With such a dramatic rewrite of the original character, I would suggest that it is the filmmakers, not Maggie and John, who actually need a refresher course in “Freddy 101.”

Thursday, October 29, 2020

Elm St. Binge: A Nightmare on Elm Street V: The Dream Child (1989)


In many ways, the Elm Street movies are a lot like the James Bond films. Consider: there is one larger-than-life figure at the center of each film (Freddy or 007), and much of the action and plotting seems to be determined by the need to feature spectacular set-pieces. 

But also like James Bond, the Freddy films seem to need occasional re-grounding in reality.  

This re-grounding has happened on a few occasions in Bond history. The out-of-balance nuttiness of Moonraker (1979) was deliberately redressed by the back-to-reality For Your Eyes Only (1981).

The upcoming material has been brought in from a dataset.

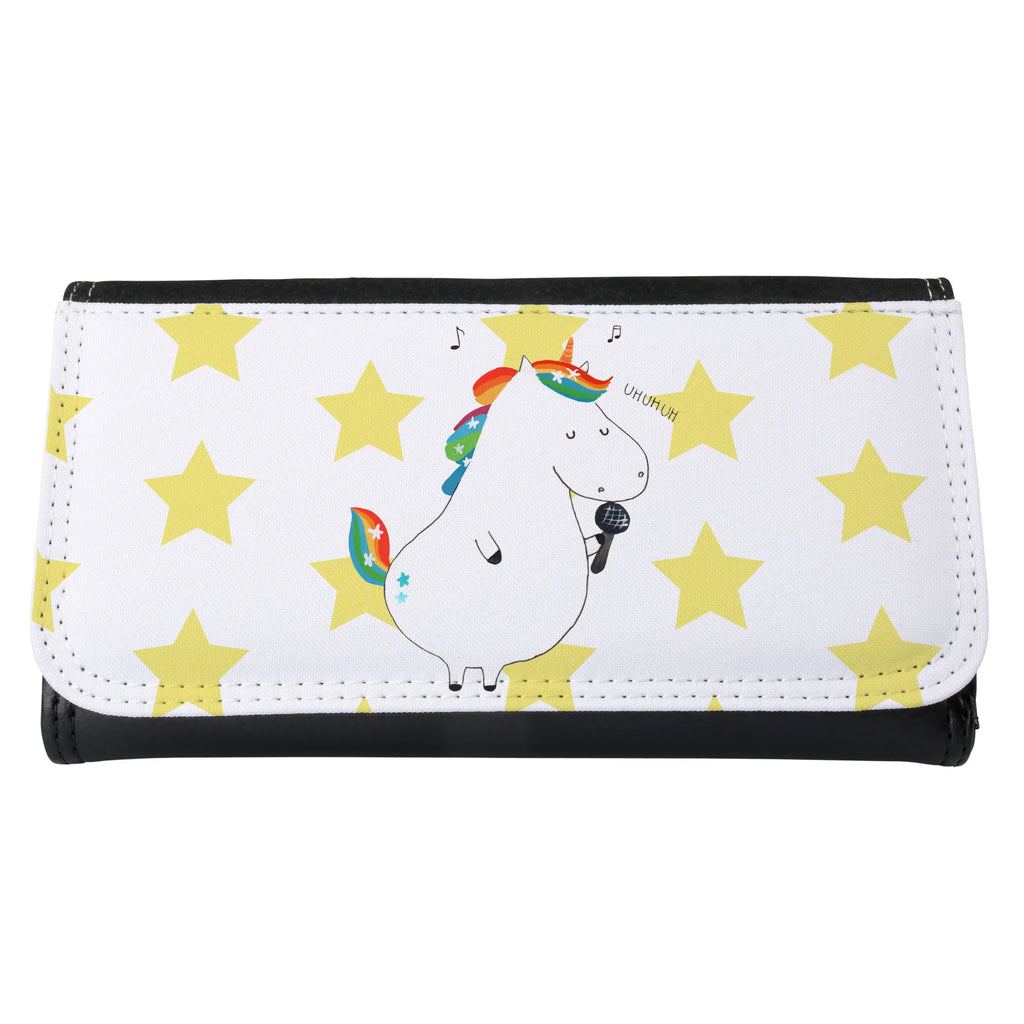 Ladies purse unicorn Singer Kartenetui Damen, XXL Portemonnaie Damen, Geldbörse Aus Kunstleder Damen, Veganes Portemonnaie Damen, Portemonnaie Mit Münzfach Damen, Damen Portemonnaie, Portemonnaie für Damen, Geldbörse Mit Druckverschluss Damen, Portemonnaie Mit Kartenfächern Damen, RFID Portemonnaie Damen, Clutch Portemonnaie Damen, Damen Geldtasche, Geldbörse Mit Clipverschluss Damen, Damen Geldbeutel, Geldbörse Mit Fach Damen, Designer Portemonnaie Damen, Frauen Brieftasche, Portemonnaie Mit Reißverschluss Damen, Münzbörse Damen, Etui Geldbörse Damen, Brieftasche Damen, Damengeldbeutel, Slim Portemonnaie Damen, Geldbörse Aus Leder Damen, Portmonee Damen, Frauen Geldbörse, Damengeldbörse, Reißverschluss Portemonnaie Damen, Geldbörse Mit Handgelenksschlaufe Damen, Leder Portemonnaie Damen, Kartenhalter Damen, Münzgeldbörse Damen, Geldbörse Aus Stoff Damen, Geldbörse Mit Zipper Damen, Hochwertiges Portemonnaie Damen, Damen Geldbörse, Mini Geldbörse Damen, Portmonnaie Damen, Unicorn, Einhorn, Einhörner, Einhorn Deko, Disco, Geburtstag, Sänger, Sängerin, Konfetti, Glitzer, Feier, Party, Fest, Freundin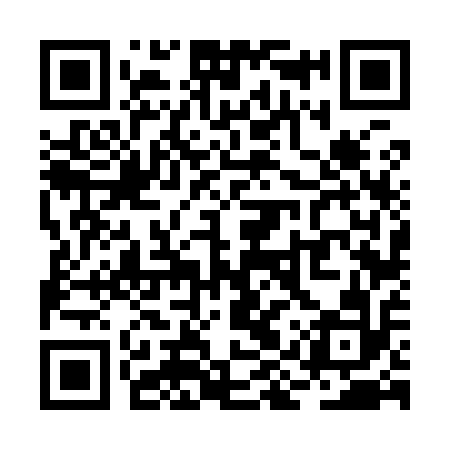 QR code for RIV912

Recently, Casino Royale (2006) re-imagined the 007 series after the surfing-tsunami, ice castles, and invisible car excesses of Die Another Day (2002). 

The Dream Child (1989) is, in many ways, a similar kind of effort.  

Dream Master is a pop-music laden, slick Freddy film (that I like a great deal…), but which takes the series quite far from its original horror roots. Freddy the Ringmaster has replaced Freddy the sicko.  

Stephen Hopkins’ film, the fifth entry, adopts a new approach. It continues the rules and formula of Dream Warriors and The Dream Master, but attempts to inject more horror -- specifically body horror -- into the proceedings.  

Freddy is also on screen less frequently, and his make-up has changed some to make him look more malevolent.  

The movie doesn’t even begin with a light pop song. Instead, The Dream Child commences with a creepy musical composition that accompanies disturbing views of Dan and Alice having sex. We don’t actually see them in their entirety, only shots of their bodies -- their flesh -- moving up and down in unsettling blue light.  This is the beginning of the movie's thesis about body horror, but our the unsettling nature of evil that can grow inside.




This disturbing first scene is an indicator that the Freddy movies are attempting here to move into adulthood alongside their original audience, instead of staying permanently arrested in teenage concerns. 

In keeping with that approach, the film meaningfully discusses hot-button issues in the culture, including abortion and eating disorders.  The focus is still on young people, but The Dream Child isn't afraid to explore deep problems in that milieu. Like Nancy Thompson, this film isn't afraid to dig beneath the surface.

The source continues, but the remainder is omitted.